Il est très difficile de définir ce que l’on a dessiné spontanément… Je dirais que pour moi, ce qui vous semble collé sur son corps serait ce qui lui passe par la tête. Finalement, je crois que votre définition était bonne.

 

        J.R. : Quand vous parlez de cohérence, elle est absolue. Reste le problème d’en lire, d’en séparer les différents éléments. Quand vous regardez une main, par exemple, avec de larges découpures, faut-il la considérer comme main à part entière du personnage ?

F.C. : Oui, mais en réalité, ce n’est pas une main. Ce serait peut-être une clôture qui marquerait la limite de ses pensées. Mais il m’arrive aussi d’introduire des éléments, des boules, par exemple, qui n’ont rien à voir avec l’ensemble. 

 

     J.R. : Et sur cet autre tableau qui représente une terre, une île apparemment, est-ce Neptune émergeant des eaux et devenant la mer ?

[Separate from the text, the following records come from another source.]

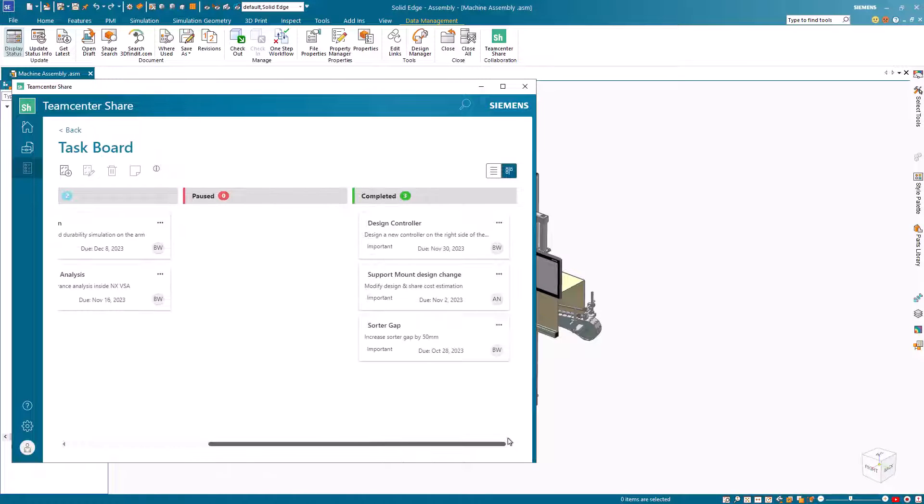So there you have it, the interoperability of Solid Edge and NX working in perfect harmony for faster and easier designs.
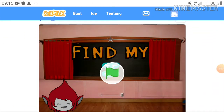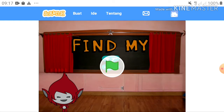Hi everyone, my name is Alia and welcome back to my video. In today's video I'd like to show you my programming project on Scratch. A few weeks ago I had a project to make a game or video using the Scratch website, so I chose to make a game based on the material of one-variable linear equations for grade 8. Here it is — I've made a game named 'Find My Eggs.'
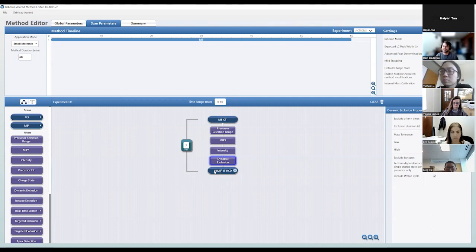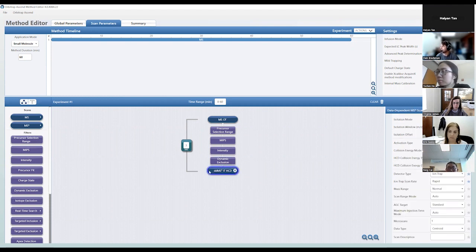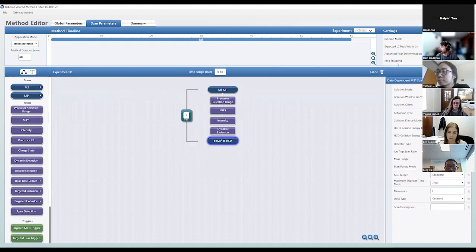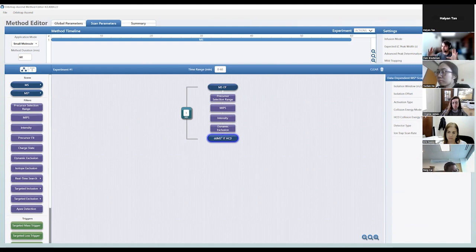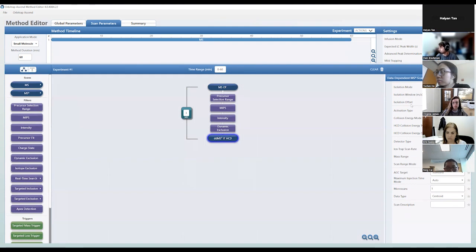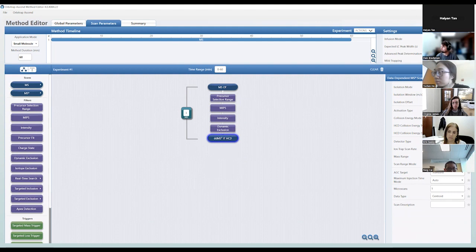Now we get to the MS2 node itself. For ion trap analysis, we isolate precursors with the quadrupole — it's faster than isolating with the ion trap. You can use different isolation windows; the Orbitrap Ascend goes down to about 0.4 Daltons at the narrowest, or you can go wider. The narrower your isolation window, the less co-isolation of isobaric species, but it comes at a cost of sensitivity. I typically use an isolation window of 0.7 m/z, though I've also seen people use 1.0 — there are small differences in total IDs and co-isolation amount.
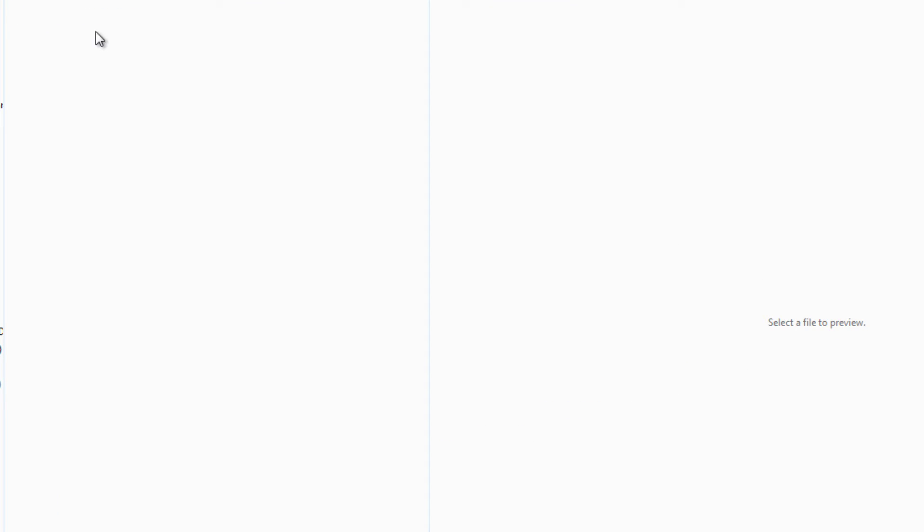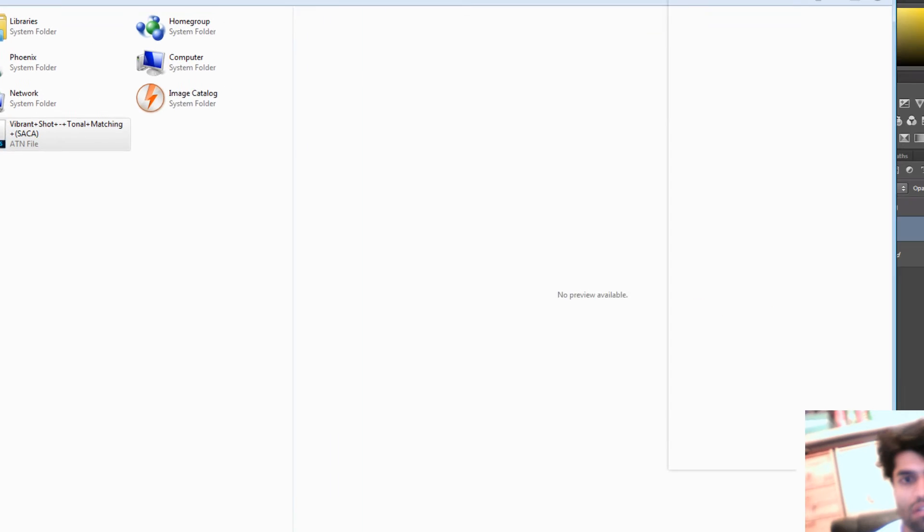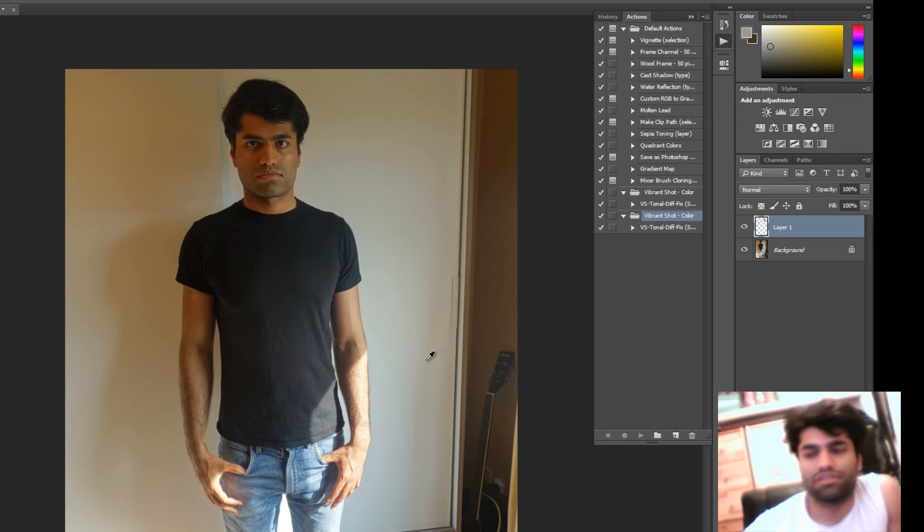Okay, then I put that in the desktop. You go to desktop and select the action that you have and you load it.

     F.C. : Non, c’est le soleil, le Soleil qui est le bienfaiteur.

 

    J. R. : Ce qui semble étrange, c’est que parfois, dans cette cohérence du paysage intérieur que nous venons d’évoquer, et qui comprend des ponts, de petites maisons, des animaux, des parcs habités, vous introduisez soudain une partie géométrique qui ne semble pas en accord avec le reste. Même le style en est différent : alors que la partie corporelle est très fignolée, très travaillée, on pourrait dire que ce second passage semble jeté sur le support.

           Pouvez-vous expliquer pourquoi, en fait, vous avez deux parties dans ce tableau ?

           F.C. : Cette deuxième partie est très récente. Ce serait, pour moi, la foule très stylisée, en train d’observer la scène. 

 

        J.R. : Vous voulez dire qu’ils sont là en observateurs, mais qu’ils n’appartiennent pas au monde de votre personnage ?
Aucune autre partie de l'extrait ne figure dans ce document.